#### Records shown ####

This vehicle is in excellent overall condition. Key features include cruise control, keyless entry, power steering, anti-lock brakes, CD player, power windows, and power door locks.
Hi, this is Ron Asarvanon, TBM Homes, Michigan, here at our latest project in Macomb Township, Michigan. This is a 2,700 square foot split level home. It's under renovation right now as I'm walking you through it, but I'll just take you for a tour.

####
#### Records shown ####

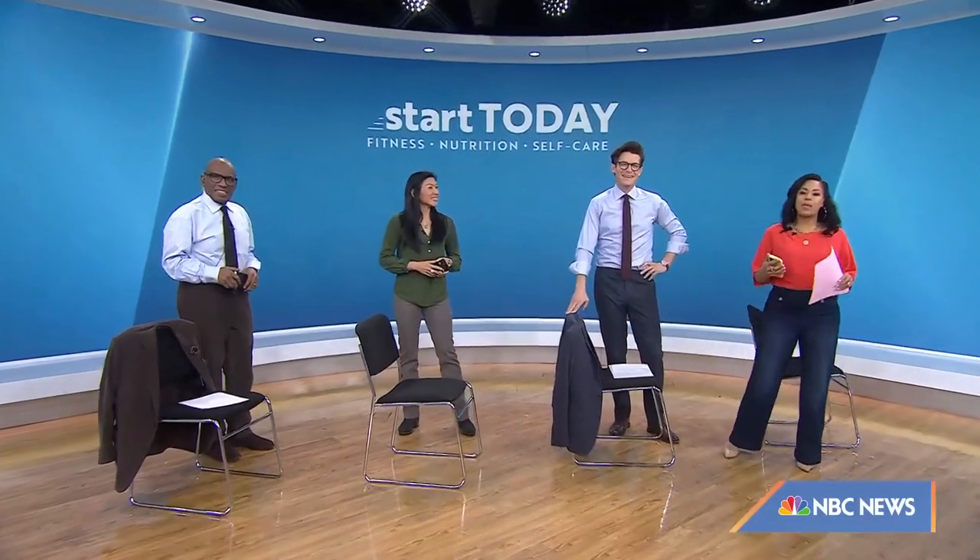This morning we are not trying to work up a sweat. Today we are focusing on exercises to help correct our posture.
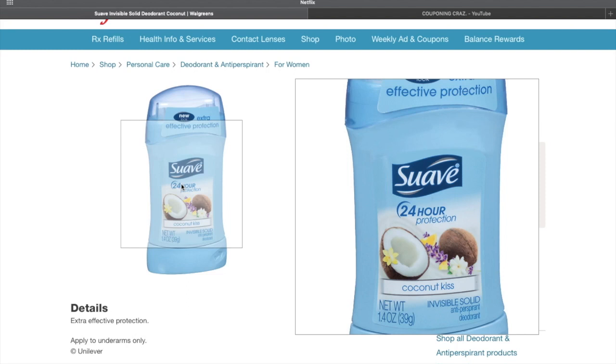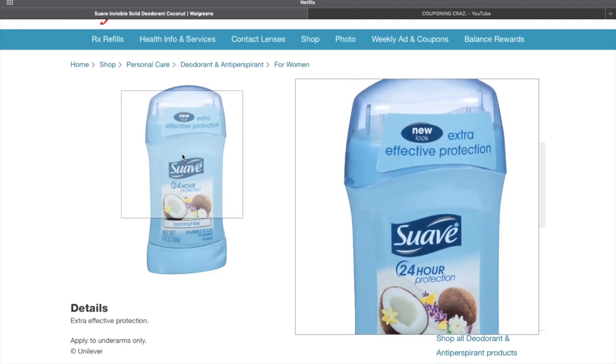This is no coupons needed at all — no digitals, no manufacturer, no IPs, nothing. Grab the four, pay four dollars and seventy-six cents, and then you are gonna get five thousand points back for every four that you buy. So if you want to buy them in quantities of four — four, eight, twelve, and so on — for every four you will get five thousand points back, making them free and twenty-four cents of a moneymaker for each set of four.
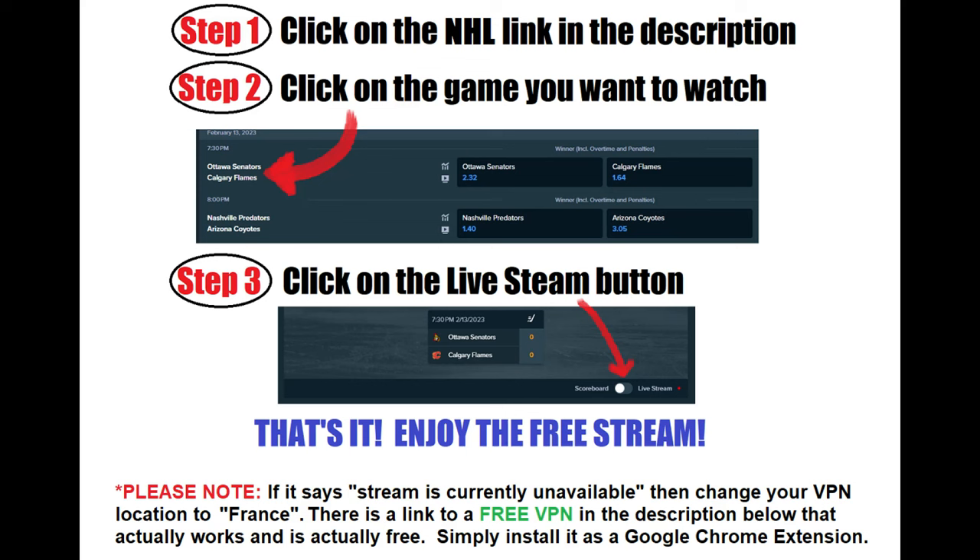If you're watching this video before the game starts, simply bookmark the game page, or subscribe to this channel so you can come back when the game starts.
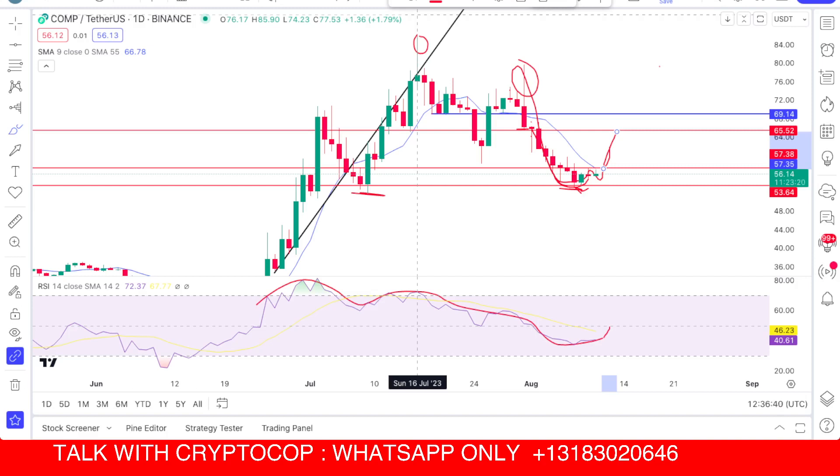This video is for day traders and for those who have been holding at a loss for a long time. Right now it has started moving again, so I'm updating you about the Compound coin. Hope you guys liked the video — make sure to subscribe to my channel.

####

## Required work
Once the line with "This morning we" has been found above, output that line and every later line exactly, stopping after the line with "This video is", and omit the pictures.

## Solution
This morning we are not trying to work up a sweat. Today we are focusing on exercises to help correct our posture.
This is no coupons needed at all — no digitals, no manufacturer, no IPs, nothing. Grab the four, pay four dollars and seventy-six cents, and then you are gonna get five thousand points back for every four that you buy. So if you want to buy them in quantities of four — four, eight, twelve, and so on — for every four you will get five thousand points back, making them free and twenty-four cents of a moneymaker for each set of four.
If you're watching this video before the game starts, simply bookmark the game page, or subscribe to this channel so you can come back when the game starts.
This video is for day traders and for those who have been holding at a loss for a long time. Right now it has started moving again, so I'm updating you about the Compound coin. Hope you guys liked the video — make sure to subscribe to my channel.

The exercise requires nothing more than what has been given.